AU NOM DU PEUPLE FRANCAIS
LA COUR DE CASSATION, DEUXIEME CHAMBRE CIVILE, a rendu l'arrêt suivant :
Sur le moyen unique :
Vu les articles 1382 du Code civil et 29 de la loi du 29 juillet 1881 ;
Attendu que les appréciations, même excessives touchant les produits, les services ou les prestations d'une entreprise industrielle ou commerciale n'entrent pas dans les prévisions de l'article 29 de la loi du 29 juillet 1881, dès lors qu'elles ne concernent pas la personne physique ou morale ;
Attendu, selon l'arrêt attaqué, que le quotidien Libération a publié, dans son édition du 18/19 décembre 1999, un article intitulé "Gueules de bois au champagne" annonçant la diffusion à la télévision, d'un documentaire consacré à l'histoire, la fabrication et l'économie du vin de Champagne, dans lequel il était écrit : "Le documentaire laisse ainsi entendre que tout le champagne n'est produit qu'à partir de raisins locaux. Or cela fait belle lurette que les vignerons de la Côte d'Or, entre autres, fournissent (à prix d'or) leurs collègues champenois en pinot noir ou en chardonnay.

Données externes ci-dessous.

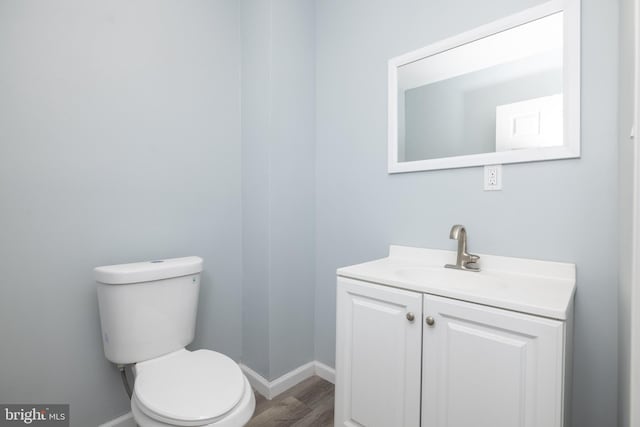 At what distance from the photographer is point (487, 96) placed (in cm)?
132

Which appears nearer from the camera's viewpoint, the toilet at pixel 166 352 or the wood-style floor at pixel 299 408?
the toilet at pixel 166 352

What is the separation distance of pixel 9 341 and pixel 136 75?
3.94ft

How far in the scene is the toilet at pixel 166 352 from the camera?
37.6 inches

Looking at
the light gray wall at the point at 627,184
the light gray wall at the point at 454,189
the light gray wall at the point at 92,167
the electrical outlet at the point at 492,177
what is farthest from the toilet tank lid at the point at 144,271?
the light gray wall at the point at 627,184

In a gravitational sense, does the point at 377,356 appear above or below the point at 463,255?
below

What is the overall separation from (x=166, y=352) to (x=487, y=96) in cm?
176

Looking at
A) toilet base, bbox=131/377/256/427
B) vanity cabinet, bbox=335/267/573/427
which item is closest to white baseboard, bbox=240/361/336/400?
vanity cabinet, bbox=335/267/573/427

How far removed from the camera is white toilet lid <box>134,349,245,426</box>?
0.93 meters

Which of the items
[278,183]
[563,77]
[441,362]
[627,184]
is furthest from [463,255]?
[278,183]

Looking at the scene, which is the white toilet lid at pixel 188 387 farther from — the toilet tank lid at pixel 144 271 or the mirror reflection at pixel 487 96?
the mirror reflection at pixel 487 96

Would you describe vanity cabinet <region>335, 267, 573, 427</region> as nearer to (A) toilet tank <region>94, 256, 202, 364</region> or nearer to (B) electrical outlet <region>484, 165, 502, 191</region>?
(B) electrical outlet <region>484, 165, 502, 191</region>

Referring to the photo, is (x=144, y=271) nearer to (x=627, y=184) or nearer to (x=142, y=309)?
(x=142, y=309)

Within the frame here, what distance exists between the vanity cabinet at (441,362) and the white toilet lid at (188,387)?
0.46m

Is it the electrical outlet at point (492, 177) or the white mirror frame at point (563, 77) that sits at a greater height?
the white mirror frame at point (563, 77) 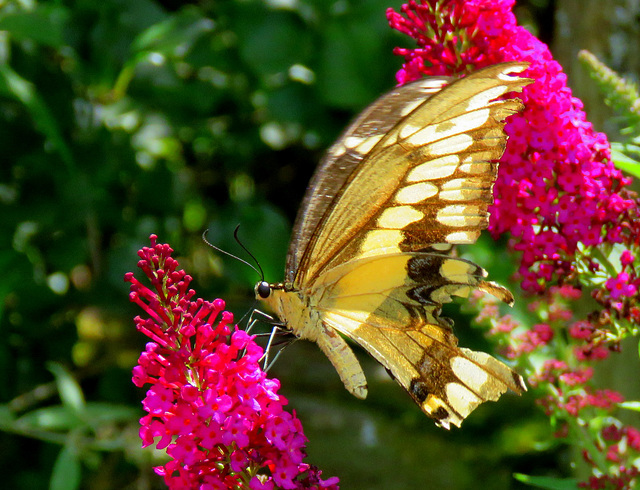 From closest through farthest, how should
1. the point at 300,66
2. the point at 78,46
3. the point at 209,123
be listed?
1. the point at 78,46
2. the point at 300,66
3. the point at 209,123

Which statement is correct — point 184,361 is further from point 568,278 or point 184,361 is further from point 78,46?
point 78,46

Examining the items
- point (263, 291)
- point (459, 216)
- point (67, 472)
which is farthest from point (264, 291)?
point (67, 472)

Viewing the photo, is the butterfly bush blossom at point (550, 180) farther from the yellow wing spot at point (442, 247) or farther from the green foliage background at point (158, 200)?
the green foliage background at point (158, 200)

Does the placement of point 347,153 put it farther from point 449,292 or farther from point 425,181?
point 449,292

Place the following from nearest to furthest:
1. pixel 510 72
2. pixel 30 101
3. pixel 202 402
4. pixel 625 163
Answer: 1. pixel 202 402
2. pixel 510 72
3. pixel 625 163
4. pixel 30 101

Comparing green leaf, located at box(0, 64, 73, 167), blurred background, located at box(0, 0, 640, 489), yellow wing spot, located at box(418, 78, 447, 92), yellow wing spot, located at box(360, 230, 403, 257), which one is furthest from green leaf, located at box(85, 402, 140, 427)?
yellow wing spot, located at box(418, 78, 447, 92)

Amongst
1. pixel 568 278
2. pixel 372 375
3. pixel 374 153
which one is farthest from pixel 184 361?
pixel 372 375

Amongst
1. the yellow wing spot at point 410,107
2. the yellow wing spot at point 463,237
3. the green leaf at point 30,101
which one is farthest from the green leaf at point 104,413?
the yellow wing spot at point 410,107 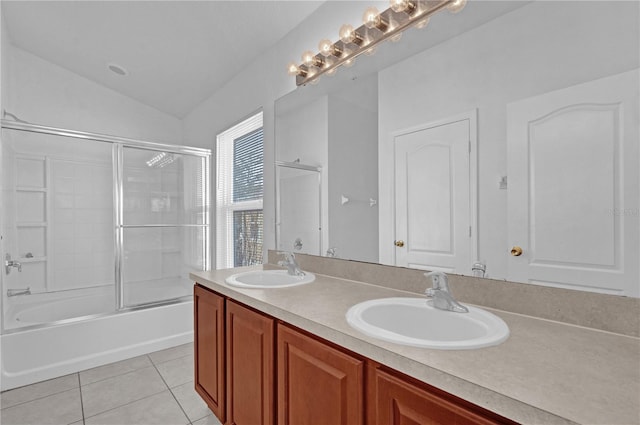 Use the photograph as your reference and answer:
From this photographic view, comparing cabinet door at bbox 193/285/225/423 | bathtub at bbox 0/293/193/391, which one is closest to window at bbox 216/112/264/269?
bathtub at bbox 0/293/193/391

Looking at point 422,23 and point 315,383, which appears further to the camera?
point 422,23

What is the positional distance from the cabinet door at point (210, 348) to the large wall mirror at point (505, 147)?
0.79 m

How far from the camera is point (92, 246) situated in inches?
131

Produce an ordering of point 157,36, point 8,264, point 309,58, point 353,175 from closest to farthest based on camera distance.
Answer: point 353,175 < point 309,58 < point 8,264 < point 157,36

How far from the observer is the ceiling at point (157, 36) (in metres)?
2.28

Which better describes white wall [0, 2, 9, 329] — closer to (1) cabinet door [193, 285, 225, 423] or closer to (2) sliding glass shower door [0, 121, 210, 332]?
(2) sliding glass shower door [0, 121, 210, 332]

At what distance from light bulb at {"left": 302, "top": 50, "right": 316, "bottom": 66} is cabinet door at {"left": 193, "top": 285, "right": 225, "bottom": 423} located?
1.52 metres

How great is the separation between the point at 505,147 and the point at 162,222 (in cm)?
317

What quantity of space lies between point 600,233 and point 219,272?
6.02 feet

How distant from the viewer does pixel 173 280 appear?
3.38 meters

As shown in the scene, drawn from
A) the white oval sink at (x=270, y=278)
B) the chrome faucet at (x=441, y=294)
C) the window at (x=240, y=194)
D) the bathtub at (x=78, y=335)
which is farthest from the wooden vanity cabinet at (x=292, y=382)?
the bathtub at (x=78, y=335)

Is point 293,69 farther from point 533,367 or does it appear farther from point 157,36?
point 533,367

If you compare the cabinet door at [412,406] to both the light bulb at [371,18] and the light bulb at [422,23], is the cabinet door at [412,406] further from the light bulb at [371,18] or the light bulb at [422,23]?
the light bulb at [371,18]

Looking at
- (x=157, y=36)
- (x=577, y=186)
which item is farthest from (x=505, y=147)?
(x=157, y=36) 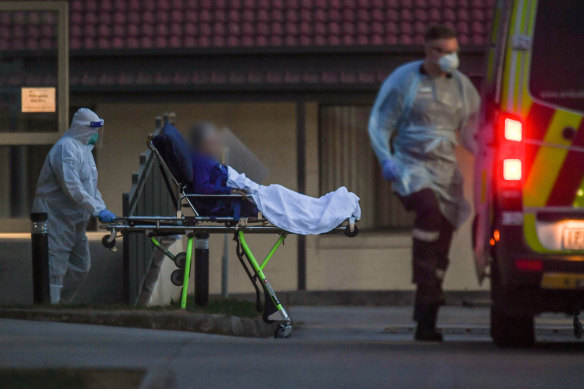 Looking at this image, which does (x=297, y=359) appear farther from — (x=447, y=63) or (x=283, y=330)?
(x=283, y=330)

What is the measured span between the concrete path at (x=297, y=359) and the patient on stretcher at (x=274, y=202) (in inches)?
75.4

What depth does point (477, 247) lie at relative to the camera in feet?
27.0

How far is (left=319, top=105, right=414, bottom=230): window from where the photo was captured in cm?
1731

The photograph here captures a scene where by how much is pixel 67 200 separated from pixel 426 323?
442 cm

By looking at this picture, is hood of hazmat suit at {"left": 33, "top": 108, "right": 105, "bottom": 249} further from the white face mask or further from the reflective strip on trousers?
the white face mask

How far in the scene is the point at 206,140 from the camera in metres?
11.5

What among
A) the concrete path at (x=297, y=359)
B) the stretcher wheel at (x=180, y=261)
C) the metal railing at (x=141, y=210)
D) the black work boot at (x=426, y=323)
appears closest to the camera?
the concrete path at (x=297, y=359)

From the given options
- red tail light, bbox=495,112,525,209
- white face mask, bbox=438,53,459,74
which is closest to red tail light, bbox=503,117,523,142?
red tail light, bbox=495,112,525,209

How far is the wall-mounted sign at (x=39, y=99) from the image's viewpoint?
13.6m

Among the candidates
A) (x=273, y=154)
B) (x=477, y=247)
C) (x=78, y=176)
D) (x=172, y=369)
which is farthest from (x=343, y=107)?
(x=172, y=369)

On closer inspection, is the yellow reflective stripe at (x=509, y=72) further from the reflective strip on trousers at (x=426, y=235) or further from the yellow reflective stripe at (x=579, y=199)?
the reflective strip on trousers at (x=426, y=235)

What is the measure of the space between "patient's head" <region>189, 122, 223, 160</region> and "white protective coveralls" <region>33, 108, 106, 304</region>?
891 mm

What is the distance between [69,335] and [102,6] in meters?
9.01

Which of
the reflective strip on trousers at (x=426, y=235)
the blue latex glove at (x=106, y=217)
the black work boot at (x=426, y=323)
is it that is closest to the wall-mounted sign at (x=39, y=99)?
the blue latex glove at (x=106, y=217) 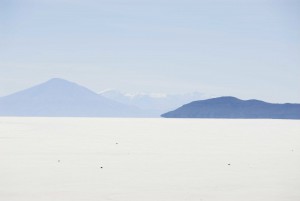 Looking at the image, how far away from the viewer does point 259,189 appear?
16578mm

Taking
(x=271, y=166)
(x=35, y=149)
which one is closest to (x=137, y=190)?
(x=271, y=166)

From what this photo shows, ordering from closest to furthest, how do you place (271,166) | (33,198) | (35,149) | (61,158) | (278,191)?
(33,198), (278,191), (271,166), (61,158), (35,149)

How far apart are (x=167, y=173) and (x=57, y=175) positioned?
412 centimetres

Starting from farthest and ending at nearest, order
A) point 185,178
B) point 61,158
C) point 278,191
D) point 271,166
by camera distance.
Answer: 1. point 61,158
2. point 271,166
3. point 185,178
4. point 278,191

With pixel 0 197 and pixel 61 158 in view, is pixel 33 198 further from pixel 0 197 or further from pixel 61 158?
pixel 61 158

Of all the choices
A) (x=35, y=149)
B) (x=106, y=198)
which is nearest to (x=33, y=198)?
(x=106, y=198)

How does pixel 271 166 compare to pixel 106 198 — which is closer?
pixel 106 198

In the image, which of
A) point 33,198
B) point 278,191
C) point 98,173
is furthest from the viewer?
point 98,173

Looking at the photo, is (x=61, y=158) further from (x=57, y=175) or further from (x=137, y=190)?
(x=137, y=190)

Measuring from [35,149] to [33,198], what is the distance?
17.1m

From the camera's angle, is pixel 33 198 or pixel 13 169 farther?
pixel 13 169

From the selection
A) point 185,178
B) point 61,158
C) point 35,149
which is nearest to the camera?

Pas un mot non plus sur les pratiques commerciales limites de certaines grandes maisons qui, en période de forte demande, commercialisent sous leur étiquette des bouteilles de qualité aléatoire achetées à des petits producteurs" ; qu'à la suite de la publication de cet article, le Comité interprofessionnel des vins de Champagne (CIVC), qui a pour mission d'assurer la protection des intérêts collectifs des professionnels participant à la production et à la commercialisation des vins de Champagne, estimant que cette affirmation dénigrait le vin de Champagne a assigné la SARL Libération, M. X..., directeur de la publication, et M. Y..., signataire de l'article, en responsabilité, sur le fondement de l'article 1382 du Code civil ;
Attendu que pour débouter le CIVC de son action, l'arrêt retient que si le texte publié peut être le siège d'un dénigrement du produit "Champagne", il s'analyse principalement et essentiellement en l'affirmation d'une tromperie à laquelle les vignerons de Champagne participent, qu'une telle allégation de tromperie susceptible d'un débat et d'une preuve constitue l'imputation d'un fait portant atteinte à l'honneur et à la considération des vignerons de Champagne, qu'il s'agit là d'une diffamation prévue exclusivement par la loi sur la presse, que les abus de la liberté d'expression prévus et réprimés par la loi du 29 juillet 1881 ne peuvent être réparés sur le fondement de l'article 1382 du Code civil ;
Qu'en statuant ainsi, alors que les propos incriminés relevaient de la critique d'un produit et ne mettaient en cause aucune personne physique ou morale déterminée, la cour d'appel a violé les textes susvisés ;
PAR CES MOTIFS :
CASSE ET ANNULE, dans toutes ses dispositions, l'arrêt rendu le 27 juin 2002, entre les parties, par la cour d'appel de Paris ;
remet, en conséquence, la cause et les parties dans l'état où elles se trouvaient avant ledit arrêt et, pour être fait droit, les renvoie devant la cour d'appel de Paris, autrement composée ;
Condamne la société Libération, M. X..., ès qualités, et M. Y... aux dépens ;
Vu l'article 700 du nouveau Code de procédure civile, rejette la demande de la société Libération et de MM. X..., ès qualités, et Y... ; les condamne, in solidum, à payer au Comité interprofessionnel du vin de Champagne la somme de 2 500 euros ;
Dit que sur les diligences du Procureur général près la Cour de Cassation, le présent arrêt sera transmis pour être transcrit en marge ou à la suite de l'arrêt cassé ;
Ainsi fait et jugé par la Cour de Cassation, Deuxième chambre civile, et prononcé par le président en son audience publique du sept octobre deux mille quatre.